French author Colette's bed-like grave marker.

French author Colette’s bed-like grave marker.

The monument to the internees of Buchenwald-Dora. According to our guide, the three statues are symbolic of the dead, the weak, and the strong workers who will ultimately survive.

The monument to the internees of Buchenwald-Dora. According to our guide, the three statues are symbolic of the dead, the weak, and the strong workers who will ultimately survive.

 

 

 

 

 

 

 

 

 

 

 

After our rainy exploration of Père Lachaise, we headed to the Panthéon, which was unfortunately closed due to unforeseen events, despite the wonderful sunshine. Originally intended to be a church dedicated to St. Genevieve, during the French Revolution the Panthéon became a shrine to national heroes, the crypt where France honors the crowning jewels of its society. Among the scientists, artists, and politicians buried or honored here are four members of the French Resistance, two women and two men who fought against the Occupation of the Nazis. French President Francois Hollande nominated these four individuals to be buried here, representing four ideals the Resistance stood for: liberty, equality, fraternity, and the Republic. These four national heroes are not the only ones of their kind buried or commemorated in the  Panthéon. They are in the company of Jean Moulin, the head of the Resistance in Lyon who was captured, interrogated, and killed by Klaus Barbie, the head of the Gestapo, Antoine de Saint-Exupery, and those distinguished with the honor of Righteous Among the Nations. Although we didn’t get to go inside, I think it would have been interesting to compare the representation of the Resistance in the Panthéon with their monument at Mont-Valérien, which we had visited the previous day.

The Panthéon

The Panthéon

Rounding out our day was lunch in a bistro near the Jardin du Luxembourg with Pierre Birnbaum, a historian and professor who is an expert on the history of  Jews in France. Born during the war to immigrants to France who settled in the 1930s, he had unique insights for our group. His historical expertise was invaluable in helping to contextualise the Shoah for the group, establishing differences between “types” of Jews and positing explanations for why certain Jews were able to protect themselves while others were not. He also helped to put into perspective why France was unique in the fact that ¾ of Jews in France survived the war, especially compared with places like Poland. After a morning filled with memories of death and destruction in the cemetery, Birnbaum’s focus on the background of Jews in France and the advantages for a select group of Jews to avoid deportation was a new and refreshing insight.

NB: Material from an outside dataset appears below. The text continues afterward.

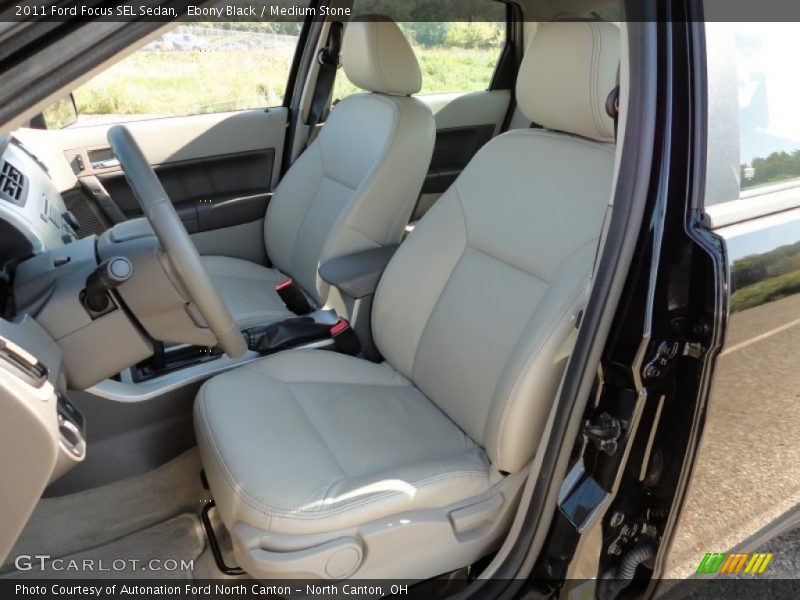 Ebony Black / Medium Stone 2011 Ford Focus SEL Sedan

Overall, despite the rainy start to our day, our group learned a lot about history, memory, and monuments from two very interesting experts, Pierre Birnbaum and our tour guide for the morning’s tour of Père Lachaise and the Panthéon, Flora Goldenberg, before wandering off and exploring more of Paris, giving our minds time to reflect on what we had learned that day and rejuvenating us for the next day’s main activity, visiting the concentration camp outside of Paris, Drancy.